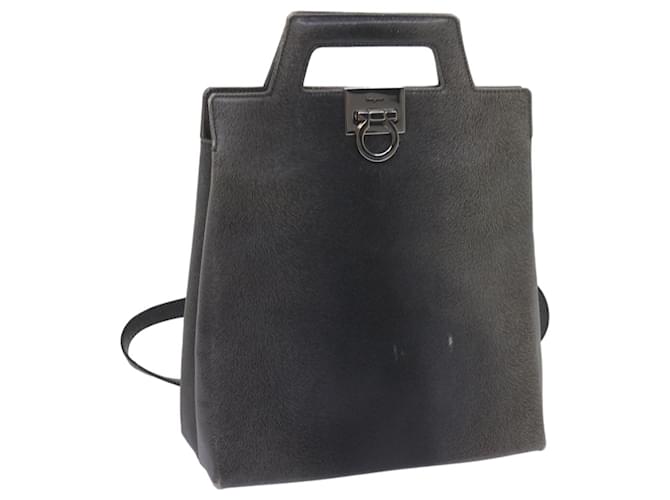 Salvatore Ferragamo Hand Bag Leather 2way Gray Auth hk919 Grey  ref.1171656
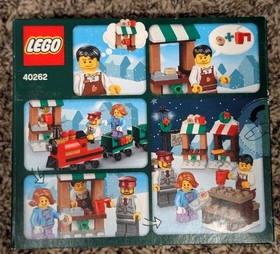 New LEGO #40262 Christmas Train Ride-2017-FACTORY SEALED-Barista, Engineer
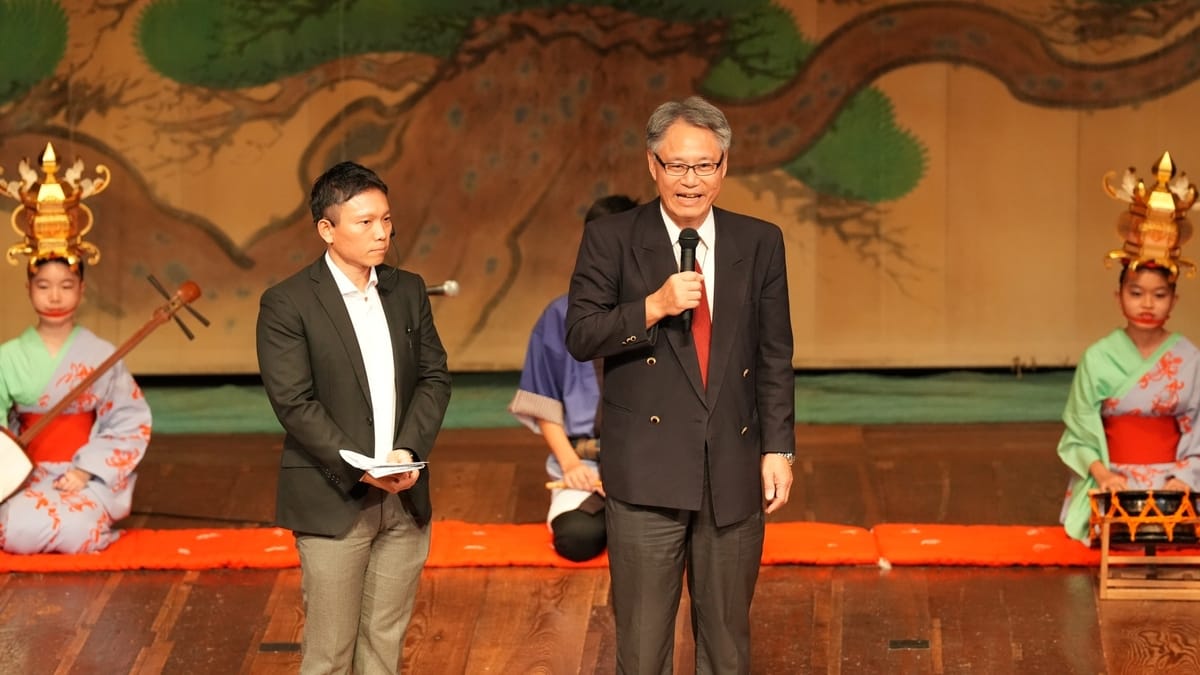 新任駐奧地利大使劉玄詠（右）曾兩度擔任國立台灣交響樂團團長。他曾推廣偏遠地區音樂教育，並推展台灣藝文活動與文化觀光結合。 圖：新竹交響管樂團臉書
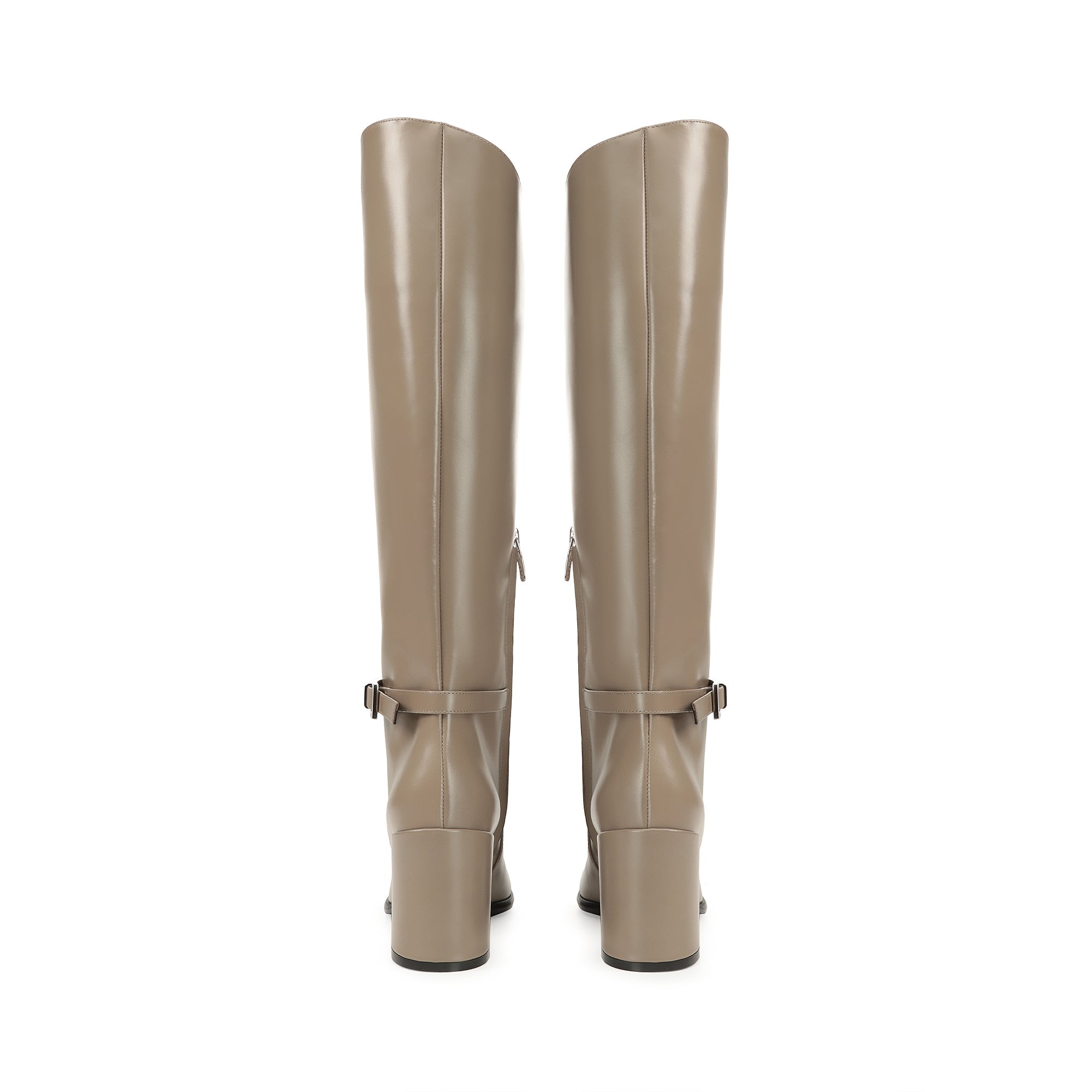 Bottes Sr Nora 95 en cuir - Taupe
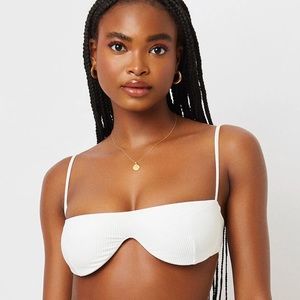 Frankies Bikinis Tolly Ribbed Top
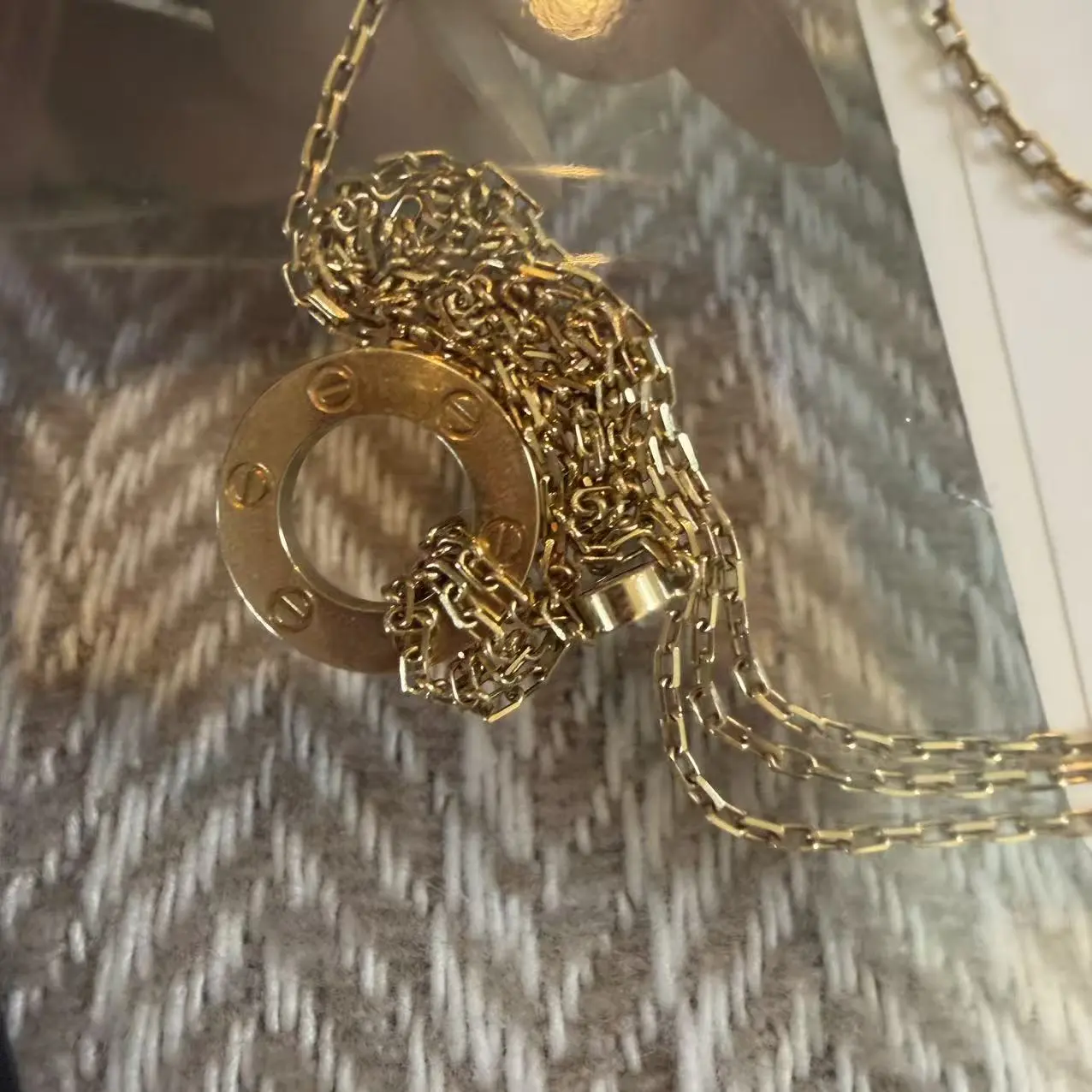 Pre-owned Cartier Metal Bag Accessories Love necklace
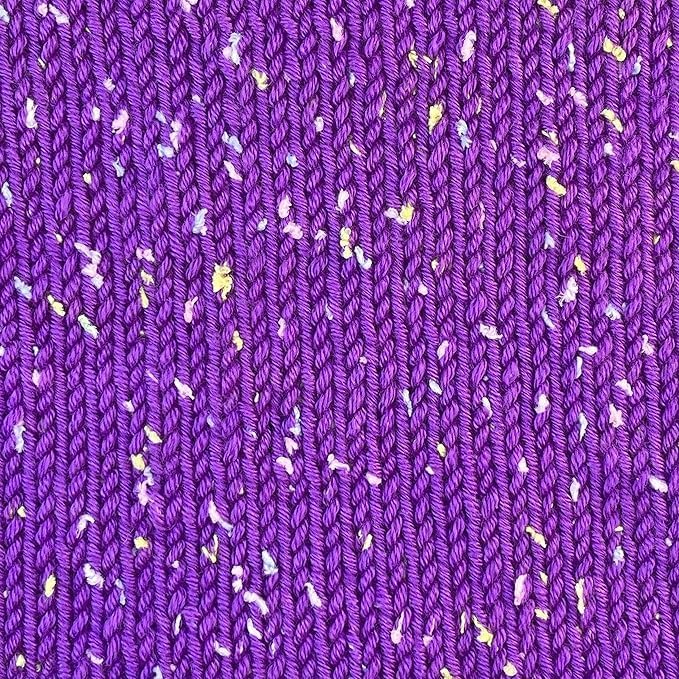 Tweed Twinkles Soft Baby Yarn for Crocheting, 8-Pack (696Yds / 400G), Free Patterns - Acrylic Baby Blanket Knitting Yarn with Flecks - Size 3 DK Light Worsted Weight - Orchid Purple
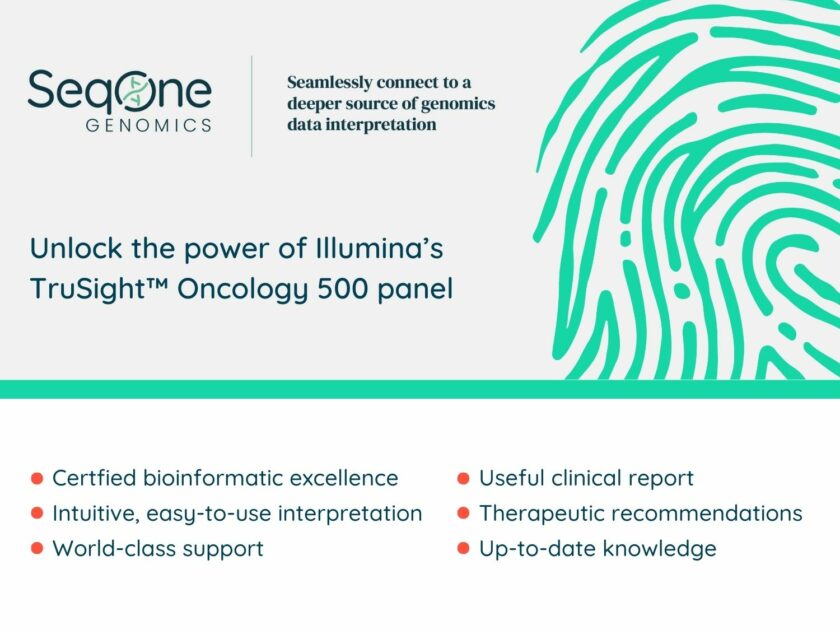 Unlock the power of Illumina's TruSight Oncology 500 panel with SeqOne miniature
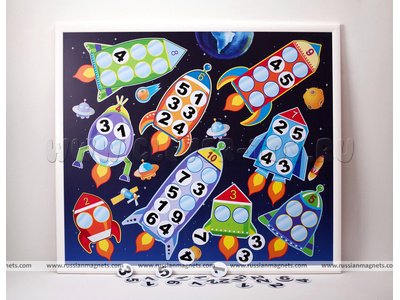 Магнитная доска "Ракеты" 86 х 75 см Магнитная доска "Ракеты" 86 х 75 см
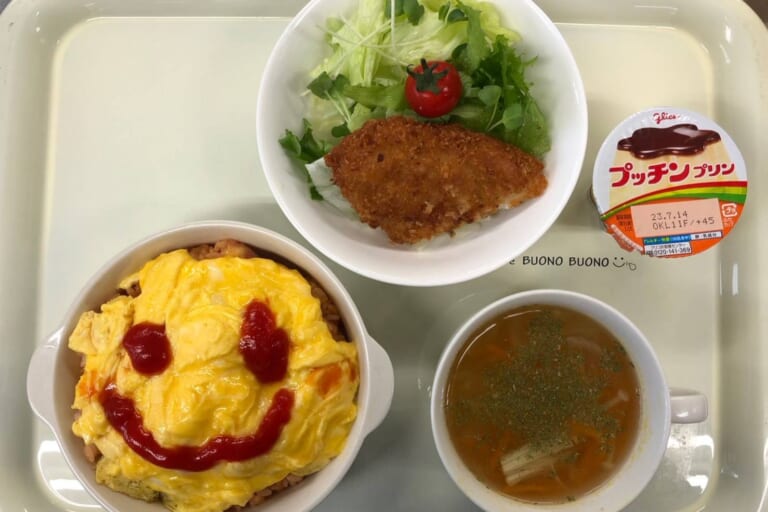 【親和の学生寮】今日の晩ごはん☆オムライス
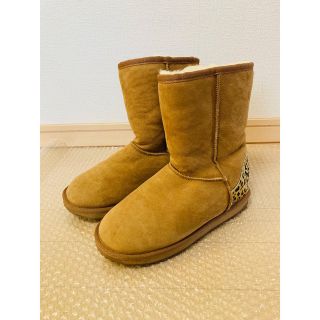 アグ(UGG)のUGGムートンブーツ　ヒョウガラ　25,5cm(ブーツ)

-*-*-

■ Task to carry out:
Return all the records above exactly, pictures omitted.

■ Solution to the problem:
 Salvatore Ferragamo Hand Bag Leather 2way Gray Auth hk919 Grey  ref.1171656
 New LEGO #40262 Christmas Train Ride-2017-FACTORY SEALED-Barista, Engineer
 新任駐奧地利大使劉玄詠（右）曾兩度擔任國立台灣交響樂團團長。他曾推廣偏遠地區音樂教育，並推展台灣藝文活動與文化觀光結合。 圖：新竹交響管樂團臉書
 Bottes Sr Nora 95 en cuir - Taupe
 Frankies Bikinis Tolly Ribbed Top
 Pre-owned Cartier Metal Bag Accessories Love necklace
 Tweed Twinkles Soft Baby Yarn for Crocheting, 8-Pack (696Yds / 400G), Free Patterns - Acrylic Baby Blanket Knitting Yarn with Flecks - Size 3 DK Light Worsted Weight - Orchid Purple
 Unlock the power of Illumina's TruSight Oncology 500 panel with SeqOne miniature
 Магнитная доска "Ракеты" 86 х 75 см Магнитная доска "Ракеты" 86 х 75 см
 【親和の学生寮】今日の晩ごはん☆オムライス
 アグ(UGG)のUGGムートンブーツ　ヒョウガラ　25,5cm(ブーツ)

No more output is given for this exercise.